Two new songs in the shape of Terraform and Reaching Out are up next. Both get a great reaction from the now, shall we say, 'Glowing', crowd.
It's always difficult for artists premiering new songs live but the quality of these songs are such that many of them feel like older classics.
After this initial section of new songs, the band launched into the sublime Living In A Small Town from second album, Lifebringer. It's one of the highlights of that album and got a tremendous response tonight. Zervas & Pepper often perform these songs as just a duo but the songs certainly take on a different persona when played with a full band, as recorded.
Most of the explanations of the new songs during the performance are by Kathryn, with Paul chipping in with his dry wit every now and again.
For anyone who has a working knowledge of Zervas & Pepper's career so far, it will come as no surprise that they have inserted another Joni Mitchell song into this year's set. This time it comes from the brilliant 1975 album The Hissing Of Summer Lawns, and is the track Don't Interrupt The Sorrow. The band play a superb version of the song (played on the album by the top session musicians of the time) and Kathryn gives a lovely interpretation without a hint of sycophancy.
Another favourite of mine from the new album comes up next, Foolish Dreamer. A song sung by Paul which on the album has a rocky 12 string sheen. Tonight Paul gives it his all on the vocal front. He is definitely the spice to Kathryn's sweetness.
It's back to Lifebringer for the next song - the show stopping Buffalo Crow.

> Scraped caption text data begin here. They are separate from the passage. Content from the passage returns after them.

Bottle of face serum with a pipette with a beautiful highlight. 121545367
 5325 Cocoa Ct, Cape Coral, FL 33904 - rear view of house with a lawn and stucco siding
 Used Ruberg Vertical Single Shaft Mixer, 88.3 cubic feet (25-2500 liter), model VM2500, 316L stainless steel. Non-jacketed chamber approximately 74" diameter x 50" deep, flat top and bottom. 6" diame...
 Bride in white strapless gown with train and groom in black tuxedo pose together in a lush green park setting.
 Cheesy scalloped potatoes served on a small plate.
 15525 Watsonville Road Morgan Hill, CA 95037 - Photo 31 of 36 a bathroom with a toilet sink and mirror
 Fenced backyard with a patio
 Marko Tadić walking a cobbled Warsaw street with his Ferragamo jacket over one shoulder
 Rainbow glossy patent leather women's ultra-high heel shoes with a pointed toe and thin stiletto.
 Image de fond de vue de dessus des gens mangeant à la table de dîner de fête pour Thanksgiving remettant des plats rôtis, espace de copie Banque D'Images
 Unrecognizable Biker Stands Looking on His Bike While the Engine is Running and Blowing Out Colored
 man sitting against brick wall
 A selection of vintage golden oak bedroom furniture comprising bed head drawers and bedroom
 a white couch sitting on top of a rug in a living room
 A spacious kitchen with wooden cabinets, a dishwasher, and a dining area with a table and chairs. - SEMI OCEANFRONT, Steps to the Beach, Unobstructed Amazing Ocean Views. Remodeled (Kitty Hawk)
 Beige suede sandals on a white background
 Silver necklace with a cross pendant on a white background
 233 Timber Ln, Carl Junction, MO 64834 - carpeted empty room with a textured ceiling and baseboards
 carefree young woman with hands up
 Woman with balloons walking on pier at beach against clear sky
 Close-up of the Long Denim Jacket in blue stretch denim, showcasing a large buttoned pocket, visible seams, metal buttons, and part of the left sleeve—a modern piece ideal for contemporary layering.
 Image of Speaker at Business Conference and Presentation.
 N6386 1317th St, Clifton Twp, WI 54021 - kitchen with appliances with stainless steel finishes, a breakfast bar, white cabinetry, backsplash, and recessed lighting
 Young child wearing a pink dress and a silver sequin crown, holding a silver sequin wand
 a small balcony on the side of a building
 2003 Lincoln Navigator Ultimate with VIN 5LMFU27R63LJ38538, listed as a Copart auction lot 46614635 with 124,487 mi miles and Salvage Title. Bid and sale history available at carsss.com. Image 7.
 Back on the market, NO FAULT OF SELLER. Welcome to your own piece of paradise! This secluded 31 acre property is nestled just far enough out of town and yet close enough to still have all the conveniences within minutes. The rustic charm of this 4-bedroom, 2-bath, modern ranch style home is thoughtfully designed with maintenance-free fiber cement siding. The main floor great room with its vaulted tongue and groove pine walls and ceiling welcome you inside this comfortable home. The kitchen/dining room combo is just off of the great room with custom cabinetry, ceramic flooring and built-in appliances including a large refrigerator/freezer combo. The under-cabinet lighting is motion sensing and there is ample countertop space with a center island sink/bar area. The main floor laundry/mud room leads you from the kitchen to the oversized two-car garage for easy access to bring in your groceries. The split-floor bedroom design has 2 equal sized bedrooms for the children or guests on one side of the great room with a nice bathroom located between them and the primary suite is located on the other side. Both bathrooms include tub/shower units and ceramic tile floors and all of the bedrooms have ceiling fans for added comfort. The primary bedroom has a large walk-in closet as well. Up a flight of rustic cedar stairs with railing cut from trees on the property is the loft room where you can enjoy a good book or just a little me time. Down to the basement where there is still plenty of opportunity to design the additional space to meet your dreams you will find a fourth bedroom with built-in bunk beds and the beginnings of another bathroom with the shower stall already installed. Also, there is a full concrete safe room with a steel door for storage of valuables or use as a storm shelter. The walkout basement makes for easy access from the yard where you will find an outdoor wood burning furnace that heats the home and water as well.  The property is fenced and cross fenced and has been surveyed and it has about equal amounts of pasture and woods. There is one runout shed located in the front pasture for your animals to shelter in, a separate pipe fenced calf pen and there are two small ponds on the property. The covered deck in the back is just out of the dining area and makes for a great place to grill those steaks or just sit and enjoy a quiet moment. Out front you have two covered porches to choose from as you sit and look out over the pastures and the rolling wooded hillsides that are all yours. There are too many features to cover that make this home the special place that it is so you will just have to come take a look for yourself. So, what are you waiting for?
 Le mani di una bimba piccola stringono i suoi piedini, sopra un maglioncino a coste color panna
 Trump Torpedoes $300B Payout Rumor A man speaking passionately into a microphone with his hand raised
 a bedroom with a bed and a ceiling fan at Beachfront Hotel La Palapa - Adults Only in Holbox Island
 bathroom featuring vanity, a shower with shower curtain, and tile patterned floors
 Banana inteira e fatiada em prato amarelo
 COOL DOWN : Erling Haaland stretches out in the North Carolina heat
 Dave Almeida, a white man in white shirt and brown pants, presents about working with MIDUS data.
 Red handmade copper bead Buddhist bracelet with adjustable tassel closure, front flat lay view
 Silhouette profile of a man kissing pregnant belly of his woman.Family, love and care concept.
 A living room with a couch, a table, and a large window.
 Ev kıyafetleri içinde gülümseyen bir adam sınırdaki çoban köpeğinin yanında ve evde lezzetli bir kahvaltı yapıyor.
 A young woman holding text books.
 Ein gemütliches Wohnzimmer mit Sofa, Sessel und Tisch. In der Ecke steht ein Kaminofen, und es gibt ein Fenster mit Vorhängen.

The song has always been a crowd pleaser live and tonight is no exception.
Kathryn then introduced the next song as being the collectors item - one of the first releases, King Of The Skies - it was released as a 300 print, so are pretty damn rare these days. This is quickly followed by the the ultra-catchy Sure Fire Bet from Lifebringer. Still sounds a great song live.
The glorious Lookout Mountain from Lifebringer is another lovely highlight of the evening before we are introduced to another cover - again, not a surprise to fans of the band - it's another Crosby, Stills, Nash & Young song, but not the sweet harmonious song you might expect - it's Neil Young's overtly political Ohio. Which, as Kathryn says, is as relevant today as it was when it was released back in 1971. It's a muscular performance which allows the band to let rip and rock out. Something that I kind of hope they do when rehearsing or just practicing their talents.
It's now an established tradition that the sets always end with the ethereal, Cigar Store Indian. And so it does. Paul & Kathryn seem genuinely pleased at the crowd's reaction, particularly to the new songs and following the gig, the Merch Stand seems to be doing big business - always a good sign.
But, like all good shows, there's always an encore. Now, in The Louisiana, the bands normally don't bother going off the stage as they have to go through the crowd to get on there and leave too.
The first song of the encore was the first song from Lifebringer, Jerome. The band certainly looked as if it wanted to leave the crowd on a rocking high. As was to be proved by the last song of the night. Not the gently beautiful, Celestial Friend from Abstract Heart but a pleasingly rocky version of the Steppenwolf classic, Born To Be Wild. Suffice to say, it brought the house down.
With a few more dates to go on this short tour to introduce Abstract Heart to the public, it seems like they have hit on a winning formula for their live performances and with a wider choice of material to choose from, they will only go from strength to strength.
Although if you're reading this Paul & Kath, another intimate acoustic night at The Chattery in Swansea wouldn't go amiss. (But that's just me being greedy, really).